The teen years with our now grown children gave plenty of fog, some of it dense.
(The following events are retold with Kathryn’s permissions and edits.)
More than a decade ago our daughter Kathryn attended a one year high school class reunion/party about two hours from home. The plan was to stay there for the night. My husband was away for work and I was home alone that weekend. Then came the thing every parent dreads.
Three AM, yes, it was literally three AM call when my cell phone rang, but I was in such a dead sleep I could not get to it before it stopped. The caller ID said it was Kathryn. Trying unsuccessfully to not panic, I spent the next several minutes calling back and missing her, praying frantically the whole time. My heart was racing and my fearful imaginations seemed to have no limits. Finally, we connected. She was calling from about an hour from home. She was safe, but she had fallen asleep at the wheel. The car was totaled on a tree at the side of the road. Thank God for airbags! Fortunately, someone saw her, called the police and stayed with her until they arrived.
Once I knew she was safe and the officer told me to come get her, I had already dressed so I climbed in the car. With 60 long minutes to get my head and heart in line with God, I had a lot of questions for Kathryn and for God. I was truly thankful she was well and safe. A car is a car. It was not the problem, (at least not in the predawn hours.) When I arrived at the meeting point I remember hugging her and never wanting to let go! We sat on a bench until I was ready to turn around for the 60 minutes home, with the officer sitting guard over us in his cruiser until we were ready to leave.
The ride home was good. We talked for a while, but I let her succumb to sleep as I fought to stay awake now that the adrenaline had subsided.
This event had a good ending with Kathryn safe. We still had things to talk about, but sometimes the natural consequences are enough.

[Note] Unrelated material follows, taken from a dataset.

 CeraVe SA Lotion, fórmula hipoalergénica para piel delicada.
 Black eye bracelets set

I am grateful for the times when the light of God, like in the photo, shows brightly through the fog. Not all the events of the teen years had such positive endings, at least in the short-term. I think it is safe to say though, that the many foggy circumstances we faced during that season look a lot clearer as we look back.

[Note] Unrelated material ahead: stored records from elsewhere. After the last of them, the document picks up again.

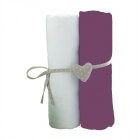 Lot de 2 draps housse 70x140 cm Blanc et violet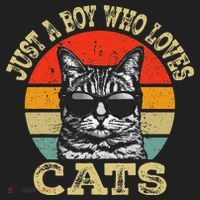 Just A Boy Who Loves Cats Boy Cat Lover Golf Towel thumb 3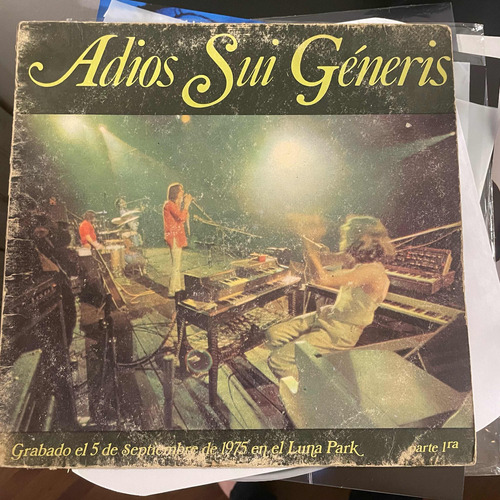 Adiós Sui Generis, Parte 1, Vinilo, Estado G. Charly Garcia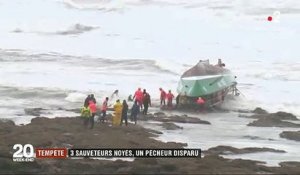 Sables-d'Olonne: Forte émotion après la mort de 3 sauveteurs sortie en pleine tempête pour porter assistance à un bateau de pêche dont le marin est toujours porté disparu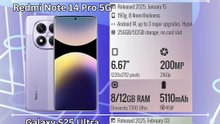 Redmi Note 15 Pro vs Redmi Note 14 Pro 5G vs Galaxy S25 Ultra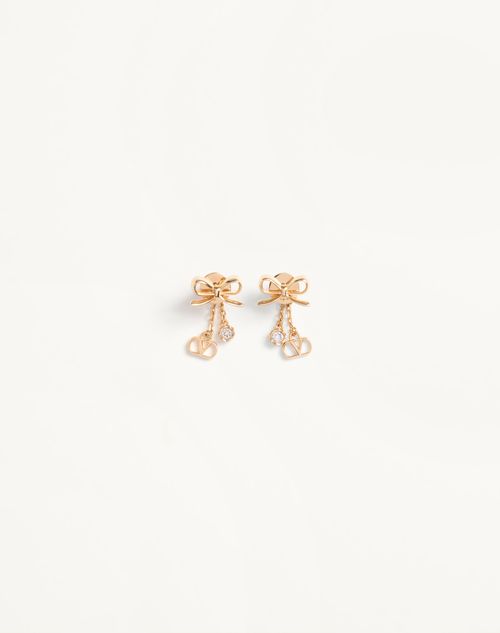 Valentino Garavani - Valentino Vlogo Floc Earrings In Metal And Swarovski® Crystals - Gold/crystal - Woman - Jewellery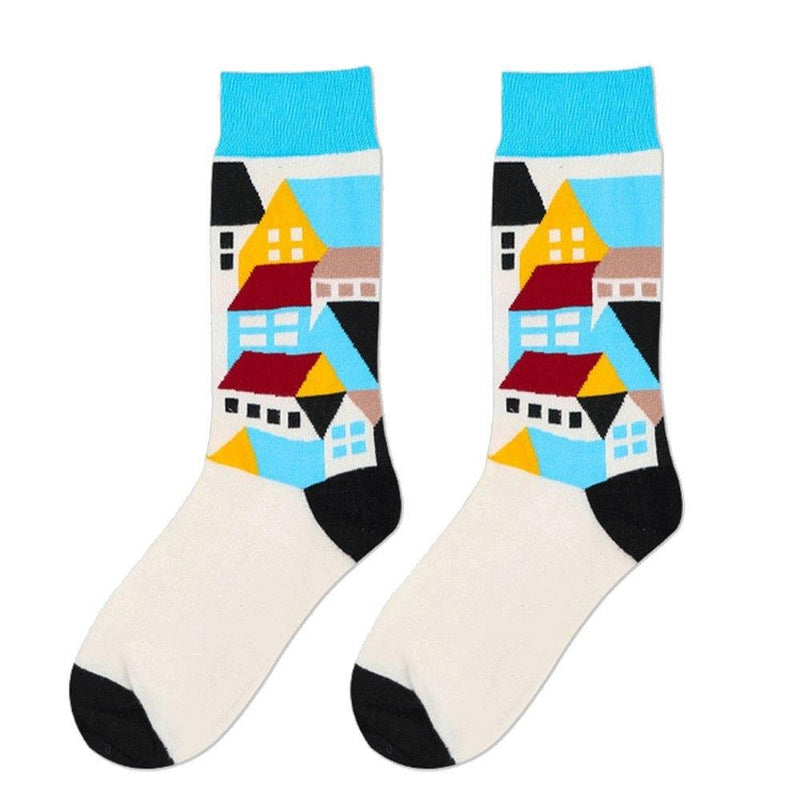 Combed Cotton Funky Casual Knee Socks - Assorted Styles Men's Apparel Swiss - DailySale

I encourage you to keep moving through the fog of life. God did not cause it. The brokenness of this world makes it. Don’t give up. Keep seeking the face of God even when you feel abandoned. He is more interested in you getting through than you are. He will eventually burn the fog away! Let’s take to heart the words of Jeremiah from Lamentations 3. (emphasis mine.)
16 He has made my teeth grind on gravel,
and made me cower in ashes;
17 my soul is bereft of peace;
I have forgotten what happiness is;
18 so I say, “My endurance has perished;
so has my hope from the Lord.”
19 Remember my affliction and my wanderings,
the wormwood and the gall!
20 My soul continually remembers it
and is bowed down within me.
21 But this I call to mind,
and therefore I have hope:
22 The steadfast love of the Lord never ceases;
his mercies never come to an end;
23 they are new every morning;
great is your faithfulness.
24 “The Lord is my portion,” says my soul,
“therefore I will hope in him.”
I close with Kathryn’s practical admonition she shared with me as we talked about this post. “No one thinks they will fall asleep at the wheel…so please take care to not drive when you are tired!”